With MySQL the result is dramatic : pages may be truncated without notice AFTER they are edited and saved, even if the preview was correct (the preview is not generated from the current database store, but only from the text in memory of the PHP/HHVM engine, so the preview is correct).

You have two choices: either the database really supports full UTF-8, or if not, it supports at least the binary mode.

If we want to preserve at least basic collation (working correctly in the BMP at least) replacing supplementary characters by numeric character references would be enough (but page names would need to be stored in "binary" format and won't be collatable, and will be sorted in binary order (e.g. when listing members in categories), unless sorting is not performed by the backend SQL but by the local PHP code (it could be a problem when sorting overpopulated categories, because the engine will need to read the full content of the category to sort it, before generating a more limited page with 200 entries).

Support for supplementary characters is now needed: many peopel can easily enter Emojis on their smartphones. Chinese users can easily enter characters in SIP. All those users will cause pages to be truncated where they edit them.

So I suggest the addition of a support for converting the wikitext to use numeric character references (however in pagenames numeric character references are known to cause problems, e.g. {{PAGENAME}} already returns some NCRs for a few ASCII characters, that must be decoded using {{#titleparts}} because some other parserfunctions or builtin keywords don't like those NCR, such as {{PAGESINCATEGORY:}})

Or at least provide a fast detector of non-BMP characters, that the wiki editor (or the visual editor) could use to detect unsafe characters that cannot be stored properly by the backend.
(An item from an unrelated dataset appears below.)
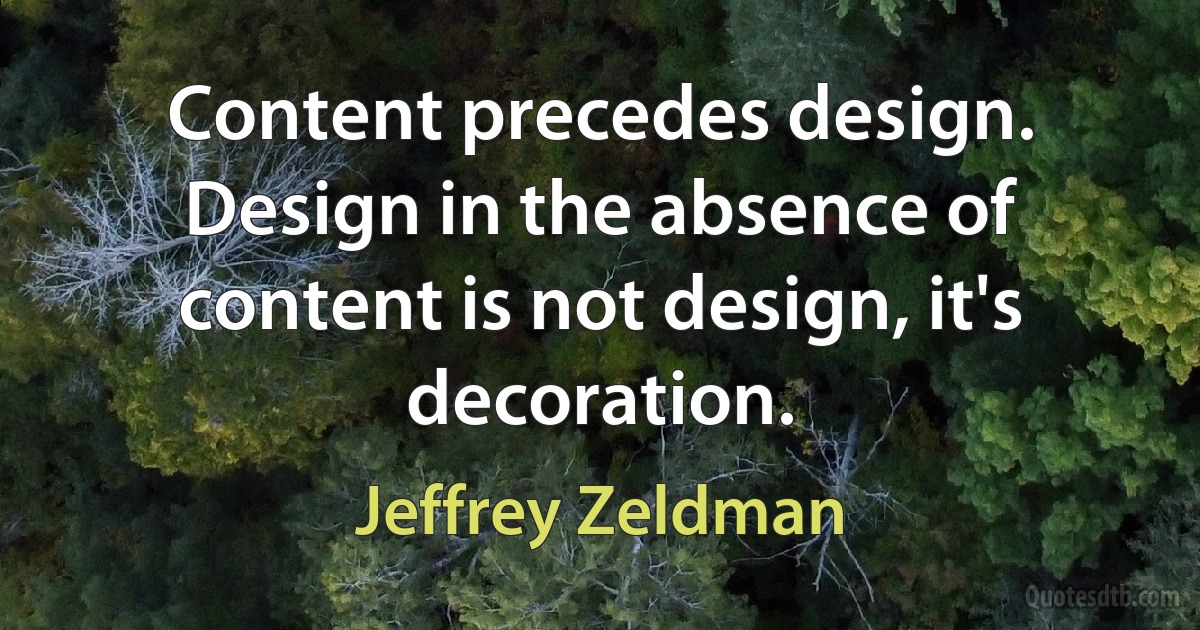 Content precedes design. Design in the absence of content is not design, it's decoration. (Jeffrey Zeldman)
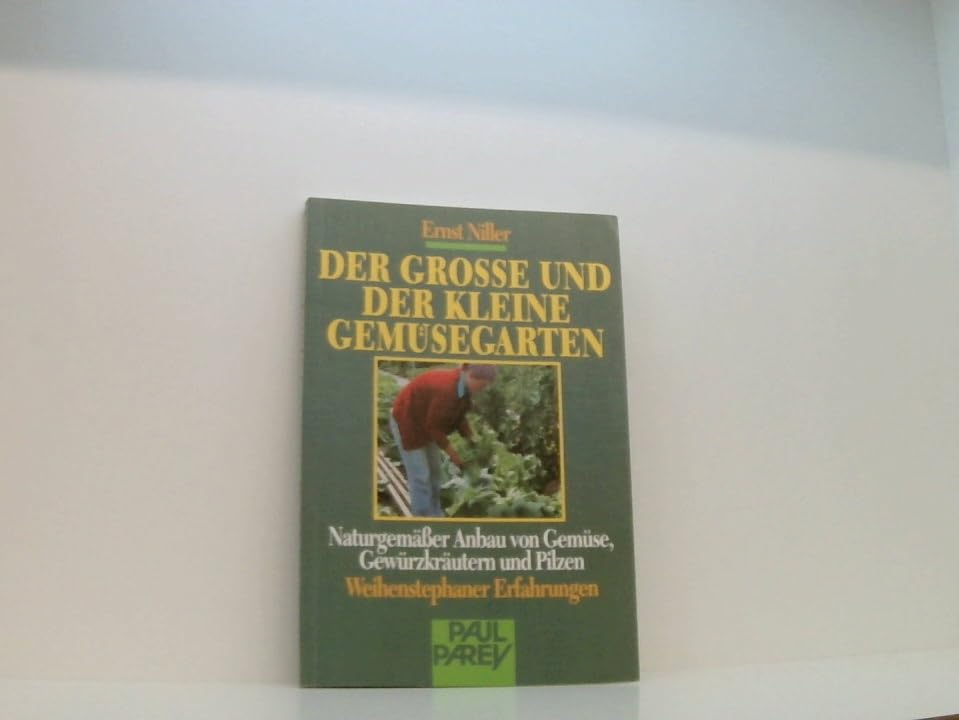 Der grosse und der kleine Gemüsegarten. Naturgemässer Anbau von Gemüse, Gewürzkräutern und Pilzen. Weihenstephaner Erfahrungen Garden & Plants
MediaWiki stores the result and never look at the result by reading it again from the database.

I also suggest the addition of a small test code in the Mediawiki startup code to autodetect the capabilities of the engine for characters that are known to cause problems: this would feed some global variable and would activate some filters that the wiki editors could use. If the database backend is safe, then the filters will be no-op functions: only valid UTF-8 will be checked for correctness. But some filters shoudl still be present to prevent the use of some forbidden characters (such as most C0 and C1 controls, and "non-characters" like U+FFFF, or lone surrogates), and for filtering/transforming silently some newline controls (convert C0 "CR+LF" or isolated C0 "CR", or C1 Newline to C0 LF).
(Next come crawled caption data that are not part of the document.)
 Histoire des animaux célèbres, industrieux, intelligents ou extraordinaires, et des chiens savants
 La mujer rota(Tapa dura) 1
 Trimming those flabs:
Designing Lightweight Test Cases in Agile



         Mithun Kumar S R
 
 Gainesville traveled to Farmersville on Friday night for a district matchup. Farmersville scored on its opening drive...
The idea is to accept only "safe" UTF-8, not just strict UTF-8 (which is still too permissive and dependant of the backend SQL support), and provide two kind of filters:

  • silent replacement (newline controls, or supplementary characters replaced by NCRs)
  • silent removal.

and both returning a flag forcing a page to be previewed again if filters changed something, instead of being saved directly !

For now MediaWiki has not been correctly tested to work with non-BMP characters. The code is full of occurences of "utf8" by default in the backend connector and installation scripts, instead of "utf8mb4" for MySQL 5.5+ and MariaDB.

Note that the current implementation found in Commons does not work!

All the Korean basic Hangul syllables (with LV or LVT forms and based on modern jamos only) in range U+AC00..U+D7AF, that are composed or decomposed only algorithmically according to TUS chapter 3, and are NOT found in the UCD datafiles!) have been forgotten.

This means that mw.ustring.toNFD() and mw.ustring.toNFKD() do not work with modern Korean. These functions always return values renormalized incorrectly to NFC, so

  • toNFD() unexpectedly returns the same as toNFC().
  • toNFKD() unexpectedly returns the same as toNFKC().

You can see this bug in Wikimedia Commons.

This new implementation of the normalizer is now used to replace the previous one in MediaWiki core and this replacement was done before properly testing this library for conformance.